Why your own cloud?
When people hear “cloud,” they often imagine one thing. In practice, there is a big difference between:
- using a company’s cloud product
- running your own private cloud
The simple difference
With Google, Microsoft, or Apple, the company owns the product, the account system, the service rules, and the cloud it runs on.
With My Own Suite, the apps are open source and your data lives in a setup you choose and control.
That setup still needs somewhere to run, but the important difference is who the service is really for.
A simple analogy
Think of a private cloud like a bank safe deposit box.
Your things are kept:
- safe
- secure
- accessible when you need them
The bank provides that service for a monthly cost.
That is the deal, and that is the business model.

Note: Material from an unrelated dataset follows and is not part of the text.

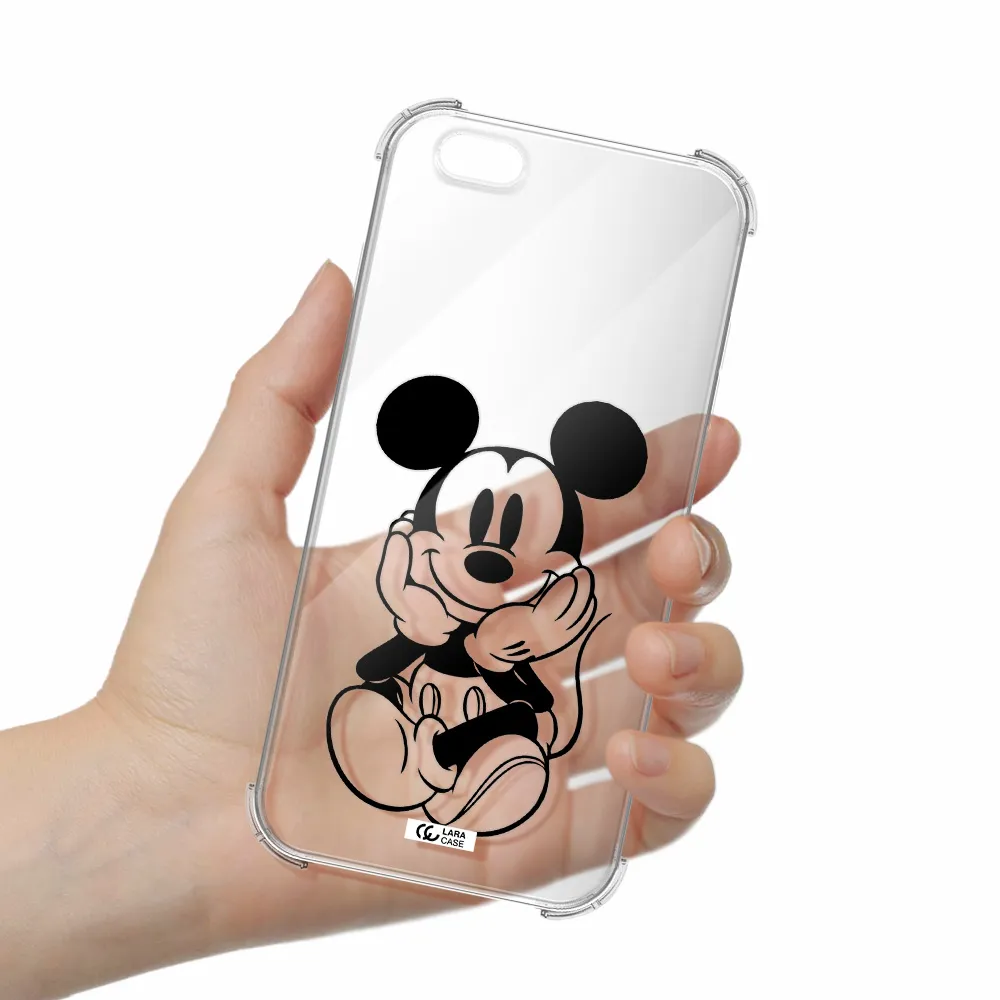 a cartoon of a mouse Apple iPhone 6S Clear PC Case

My Own Suite is similar when you run it on paid hosting:
- you are paying for a private place where your digital life can live
- the service stays available from your devices
- the hosting cost is the direct cost of storage, compute, and availability
If you do not want to trust a hosting provider with that role, then self-hosting is the next step. In that case, you become your own “bank,” but you also become responsible for your own security, backups, and uptime.
If you want privacy and convenience, and the idea of renting a secure private box makes sense to you, then renting cloud infrastructure is often the right fit.
Why this is different from Big Tech cloud products
If you run My Own Suite on Railway, a VPS, or your own hardware, you still need hosting.
That does not make it the same as using Google Drive, Microsoft 365, or iCloud.
The important difference is the business model.
With a private hosted setup, you are paying for infrastructure so your services can stay online and available.
With many Big Tech consumer cloud products, the company owns the product, owns the ecosystem, and may use your activity, interests, and behavior as part of a much broader business model.
That can include:
- advertising
- profiling
- ecosystem lock-in
- upsells and bundling
- algorithmic recommendations based on your activity
With My Own Suite:
- the apps are open source
- your data lives in your own deployed setup
- you choose where it runs
- you can move later if you want to
- one company does not own the whole app ecosystem around your personal data
The practical takeaway
My Own Suite is not trying to remove the need for cloud when cloud is genuinely useful.
It is trying to change who controls that cloud.